• [SOURCE INFORMATION]:
---
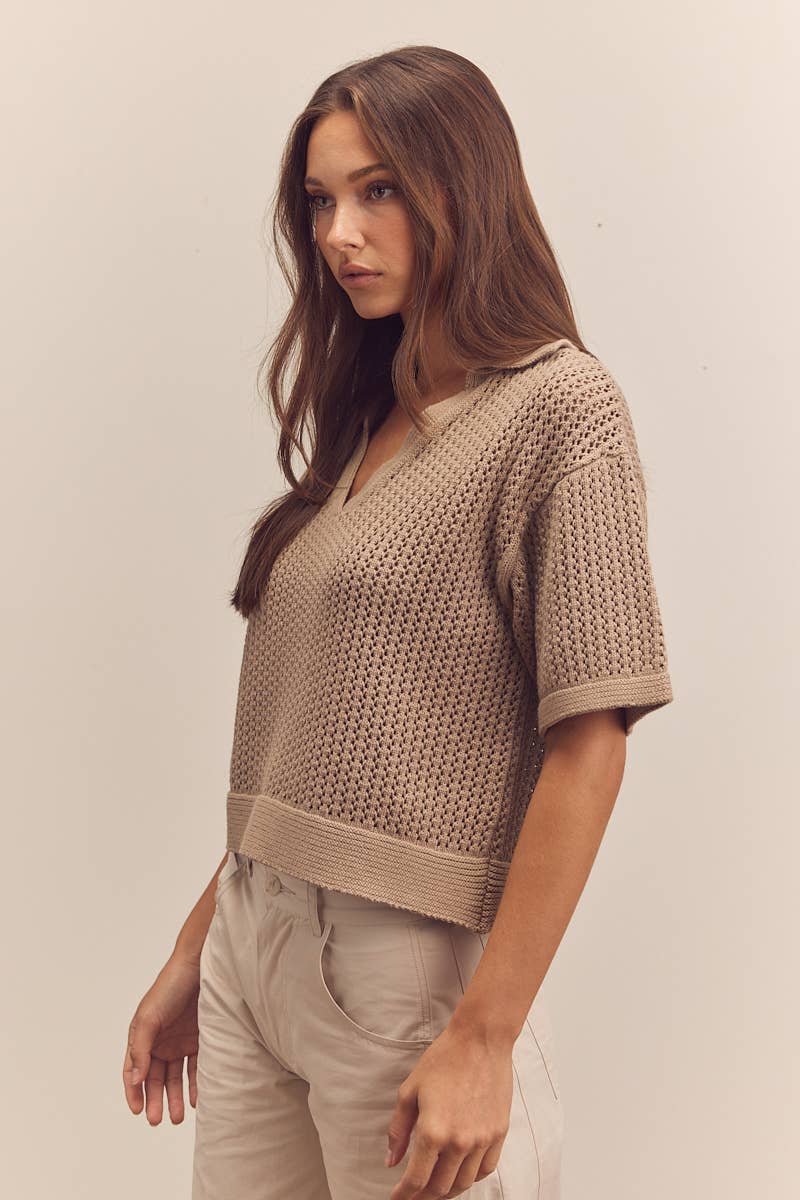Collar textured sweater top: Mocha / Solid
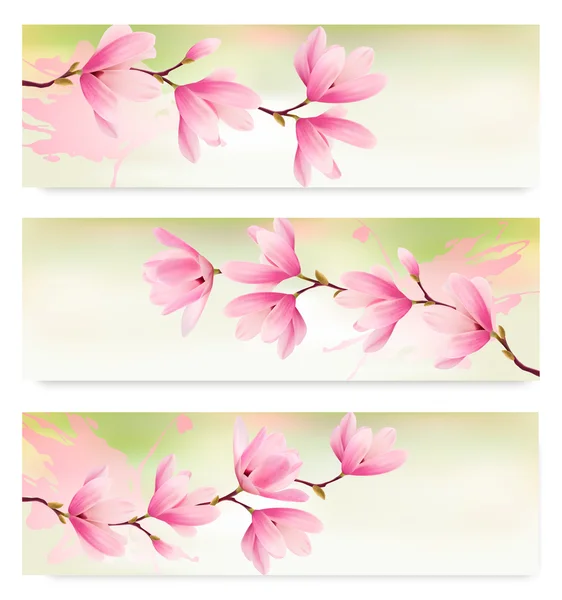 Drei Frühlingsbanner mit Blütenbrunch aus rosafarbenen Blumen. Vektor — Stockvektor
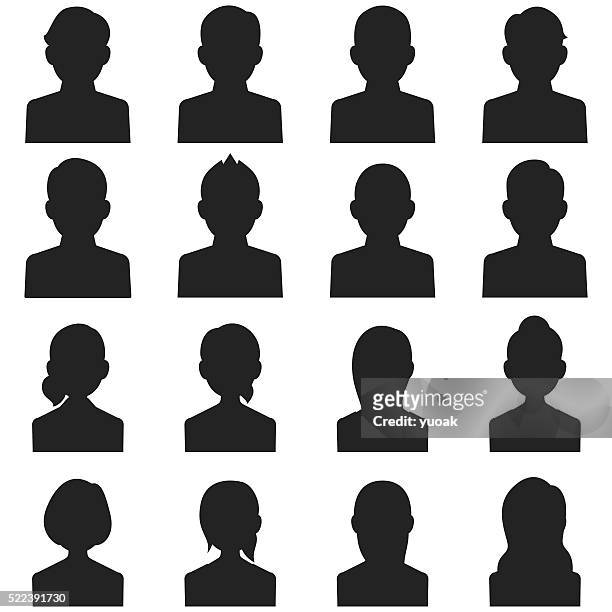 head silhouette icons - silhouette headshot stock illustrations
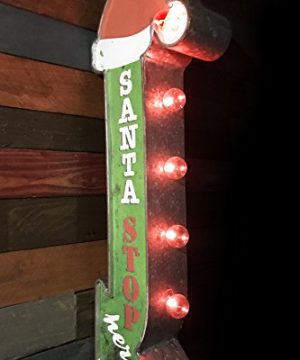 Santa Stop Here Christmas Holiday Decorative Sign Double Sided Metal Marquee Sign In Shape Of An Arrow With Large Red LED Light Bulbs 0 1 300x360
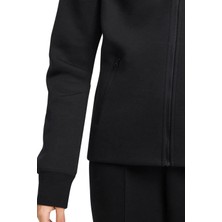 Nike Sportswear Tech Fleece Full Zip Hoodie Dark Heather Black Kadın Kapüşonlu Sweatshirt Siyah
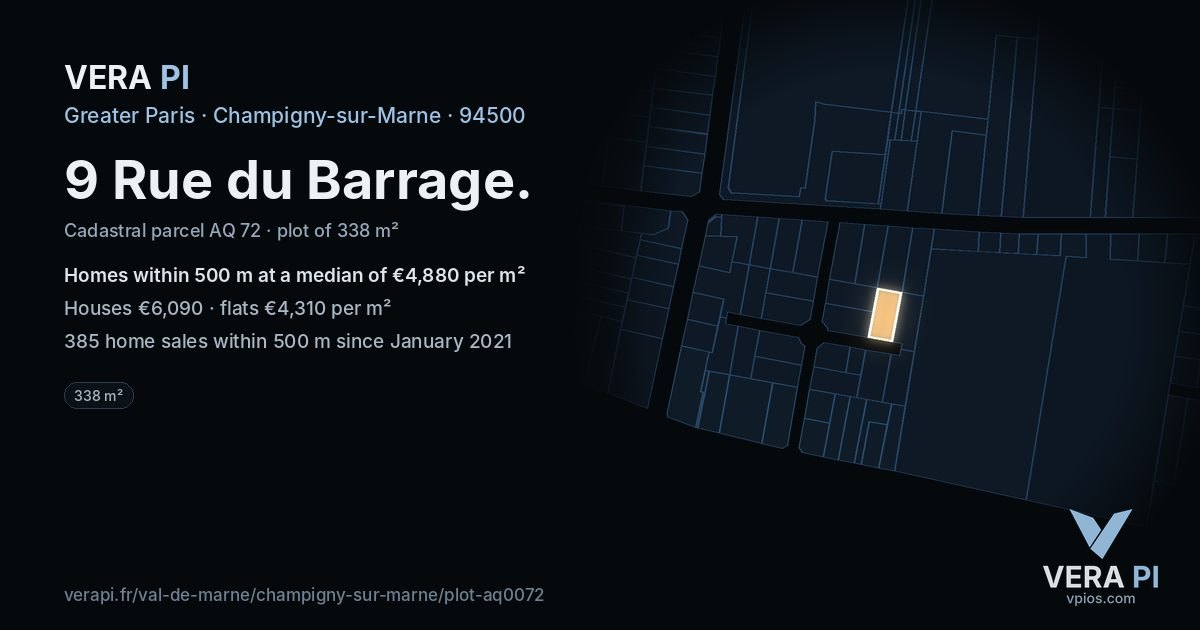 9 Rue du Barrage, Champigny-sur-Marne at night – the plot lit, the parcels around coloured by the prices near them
---
• [HOW TO COMPLETE THIS TASK]: With all pictures excluded, output exactly the lines from the one containing "head silhouette icons" through the final line of the entries, inclusive.

• [RESPONSE TO THIS EXERCISE]:
 head silhouette icons - silhouette headshot stock illustrations
 Santa Stop Here Christmas Holiday Decorative Sign Double Sided Metal Marquee Sign In Shape Of An Arrow With Large Red LED Light Bulbs 0 1 300x360
 Nike Sportswear Tech Fleece Full Zip Hoodie Dark Heather Black Kadın Kapüşonlu Sweatshirt Siyah
 9 Rue du Barrage, Champigny-sur-Marne at night – the plot lit, the parcels around coloured by the prices near them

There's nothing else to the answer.